AS: No, he’s the only one.
Everything else is the two of you?
Are their any unique hurdles to playing with other musicians given the one-of-a-kind, instruments that you play?
AD: Not regarding the instruments, no.
AS: That is the only time we’ve worked with someone else. Early on, before we even made our first EP, we were playing with a drummer, so we were a three piece at one time.
And did that not work out musically, or were there other reasons why you guys parted ways?
AS: Musically, it was fine. He decided not to continue with the project, and that was one of the reasons we started developing the percussion parts for what we do.
AD: We decided we didn’t need a third member (laughs).
Fewer people are always easier to coordinate when making music, so there are definite advantages. Arone, it’s interesting that you said there are no hurdles involved in playing with other people that stem from your instruments. It sort of implies there are hurdles that come from something else. Is there a kind of special connection or chemistry that you have with each other when you’re playing. Is that something that affects playing with other people?
AD: I wouldn’t say that it’s the chemistry that Aron and I have that makes it difficult to work with other musicians, I think that’s it’s more in the writing process Arone and I tend to be very analytical and we really work, we really pick a song apart in order to write it. I think that can be kind of hard to deal with if you’re another musician. Between Arone and I there are plenty of cooks. You know what I mean?
Yeah, absolutely. It’s important to understand that about the way you work.
AS: We’re both similarly anal, in a complementary way (laughs). At times in other projects I’ve been in with other musicians I can be kind of intense, you know?
AD: And same with me.
AS: Yeah, same with Arone. But somehow with the two of us it works.
The strong personalities don’t clash?
AD: We don’t kill each other too bad. (Laughs). We’re still alive.
Is your recording process different from the way you perform live? Arone mentioned that a focus of the band is trying to create as much sound as the two of you can in real time. When you were recording the album did you stick to that aesthetic and play as you would for a show?
AS: We try to do as much as we can live in the recording process. Usually that means us playing the Gass, Buke, and percussion at the same time. Then we’ll do the vocal later.
AD: And the bells later.
AS: Right, and the bells later. Just because it’s easier to record that way from a technical standpoint.
To avoid sounds bleeding into the vocal mics?
AS: Yeah. But at its core, the recording is just trying to capture what we do live.
AD: With some embellishments of course.
AS: Right, we have some small additional things happening, but overall we try and keep it simple.

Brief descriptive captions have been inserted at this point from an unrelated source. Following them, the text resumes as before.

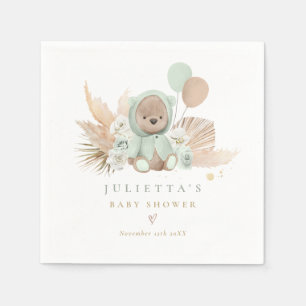 Serviette En Papier Boho Teddy Bear Décorations Baby showers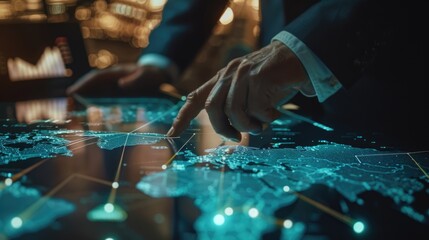 Business Professional Analyzing Data on Tablet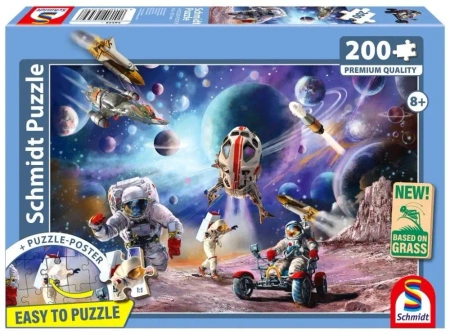Puzzle PQ 200 Misja kosmiczna G3 - Schmidt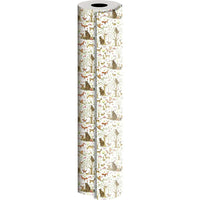JAM Paper Industrial Size Bulk Wrapping Paper Rolls, Fairy-tale Forest, 1/4 Ream (416 Sq. Ft)-208ft x 24in (416 sq. ft)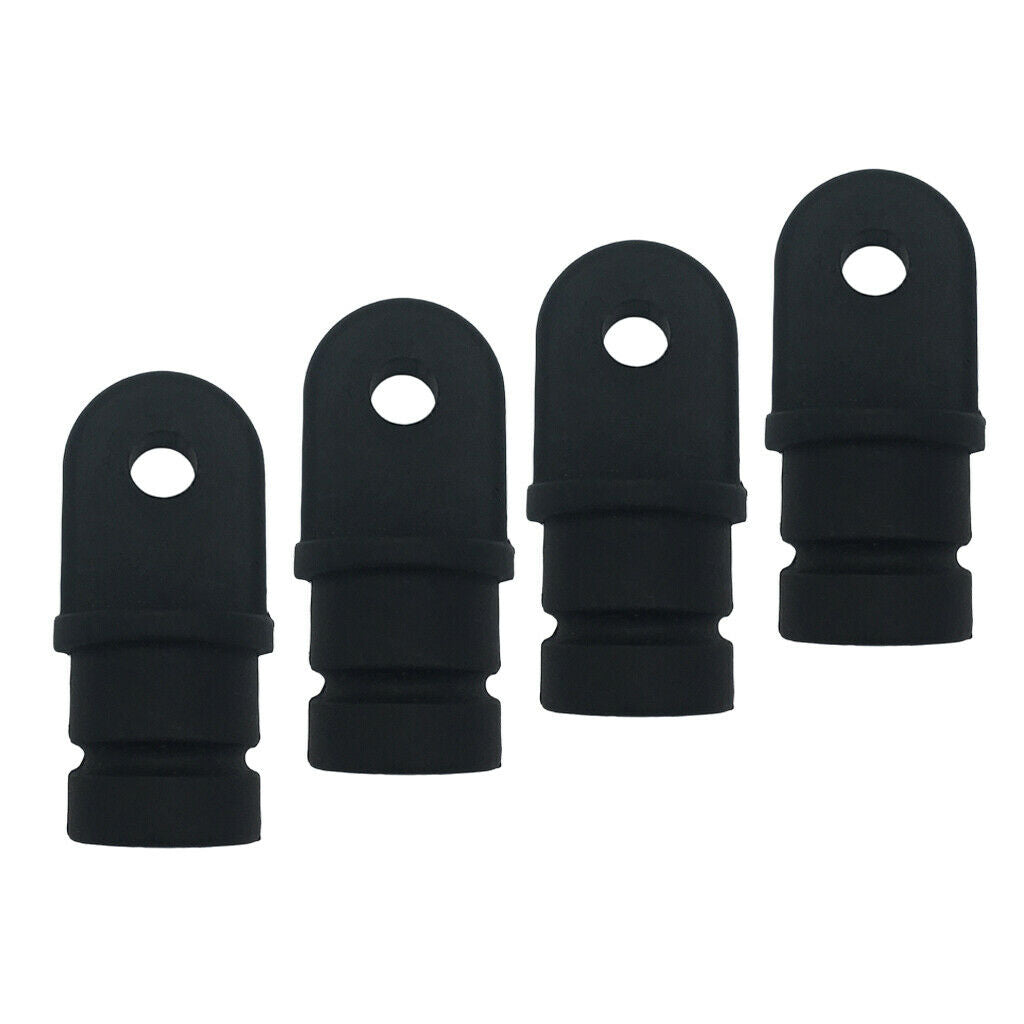 4Pcs New 3/4" Internal Eye End Tubes Boat Bimini Top Hardware Kit Black
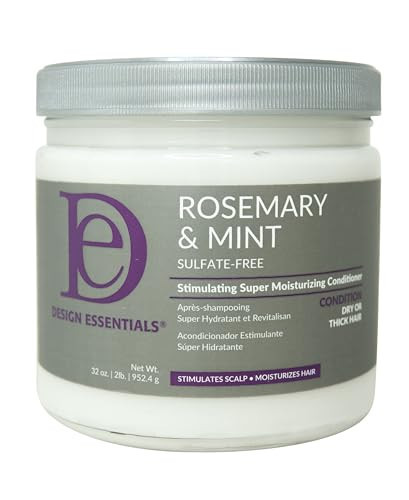 Design Essentials Rosemary & Mint Stimulating Super Moisturizing Conditioner for Dry, Thick, or Brittle Hair; Sulfate-Free, Stimulates Scalp, Moisturizes Hair, 32 Oz | Amazon (US)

And to go back to this discussion of loops; I know you don’t use them at all in Buke and Gass, but you guys were mentioning that you had worked on other projects that did incorporate loops. To my ear, it does seem like the sound of Buke and Gass is a bit informed by mechanized musical styles. Do you think that’s a fair assessment? Is that an aesthetic that you’re drawn to at all? Do those styles inform your playing at all?
AD: No, they don’t inform mine. I think our music is similar to the way we built our instruments in that form follows function. Our music is the bi-product of our instrumentation and how we work together. It’s not that we’re trying to capture or even create something derived from a loop idea. When we write we improvise and we’ll record it. On occasions where we don’t immediately like the entire improvisation and want to turn that into a song we’ll take a part of an improvisation and expand on that, which maybe sounds like a loop, but I don’t think so.
AS: Well, okay. I actually completely disagree with you.
AD: Oh. [laughs]
AS: The things that I like to play and the type of ideas I like to arrange for our music have come from my interest in mechanized music or computer music. And I draw inspiration from that. Maybe you don’t, Arone -
AS: But I’m totally into that stuff. And I’m totally into being able to… I’m less interested in being able to use computers in my music and more interested in being influenced by what that kind of composition can do and being able to play that live with real instruments interests me a lot.
AD: Well, I can agree with that.
AS: I used to do a lot of electronic music on my own and listening to a lot of that stuff I always had fantasies of taking something like an Aphex Twin piece and performing that live with an orchestra or in some other capacity involving live musicians. Those kinds of ideas interest me a lot. I feel like I take those ideas into consideration when creating music for Buke and Gass.